Zyra.at //// Zyra's front page //// Common mistakes in movies //// Movie Companies //// Cats //// Site Index

CATS; often faked-up or badly dubbed in movies

If you understand cats, you'll know what I mean. When you're watching a movie, and a cat appears, it's usually accompanied by a dubbed caterwauling sound effect entirely inappropriate to the situation which the cat is in!

This type of thing is common, especially in cheap horror movies which have a lot of the "make you jump" stunts which the film-makers presumably consider are an adequate substitute for suspense, pathos, drama, and situational horror which audiences can relate to.

To illustrate this, imagine you're watching a horror movie in which a character who you've grown to like is exploring a haunted house. The scene is dark and spooky with mysterious shadows and strange objects, and the orchestral music plays in a tense style in a minor key with scary quirks. You're feeling sympathy with the character as they explore the sinister surroundings, and you wonder if something horrific might be revealed at any moment. Then, a curtain is drawn back, and there a CAT! But instead of the cat looking surprised and a bit timid to be suddenly unveiled by a stranger in their house, the cat takes an unexpected and uncharacteristic flying leap over the person's shoulder, and we hear a cat-yowling sound which has been dubbed over from someone else treading on the tail of a cat! Completely out of context, and about as believable as a tortoise going for your throat.

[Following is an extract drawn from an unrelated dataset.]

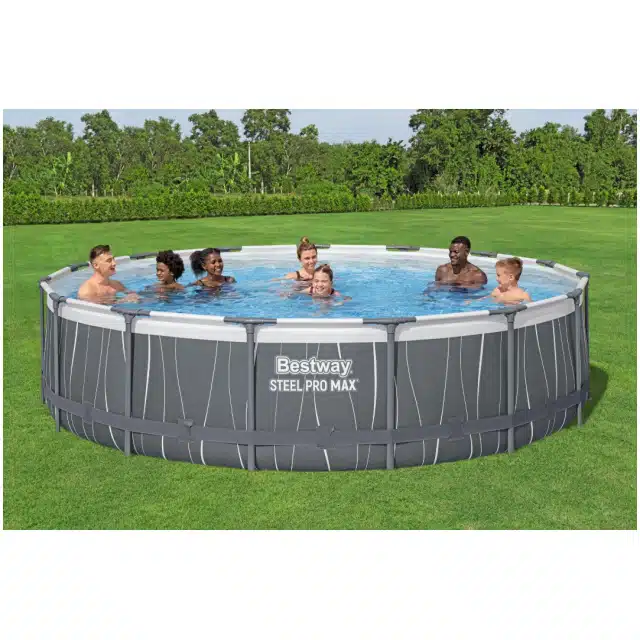 Scopri il piacere dell'estate direttamente nel tuo giardino con la piscina fuori terra Bestway⌐ Steel Pro MAXT con luce LED, un modello spazioso,...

As well as excuses to make you jump, other cat scenarios are seen in movies where visually there's a cat, and so someone in the Foley department just felt they must add a stock-footage effect labelled "Cat Meow" or something like that. Typically, there'll be a cat walking past quite calmly, while a very loud MEOW sound is dubbed over, probably from another cat which someone has upset and recorded. Yet, no cat would make that sound in the scenario being seen.

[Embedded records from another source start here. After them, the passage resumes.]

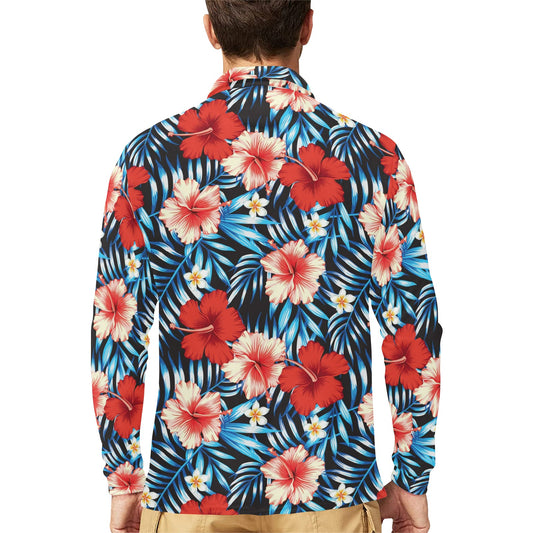 Red Hibiscus Blue Scene Long Sleeve Polo Shirt For Men's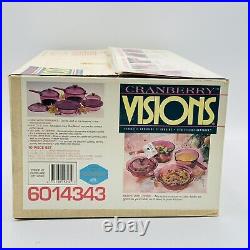 VISIONS Cranberry Corning Ware Glass Cookware Saucepan Dutch Ov VTG 10 Piece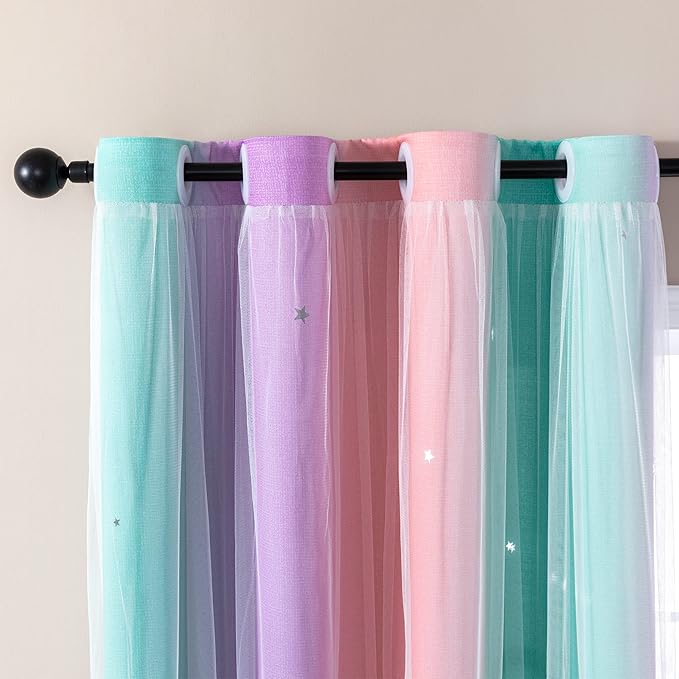 XiDi Curtains for Bedroom Decor, Rainbow PinkPuGreen-52-45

This all may be to do with a common misunderstanding, as in truth, cats don't meow that much. It's almost as if they don't speak unless they've got something to say.

Also see cats, movie mistakes, misconceptions, etc.

A similar criticism has been levelled at instances of rats in movies shown while a rat-squeaking sound is played. Rats do not make that audible squeaking sound unless they are upset, and the body-language of the rats is the movie scenes does not fit.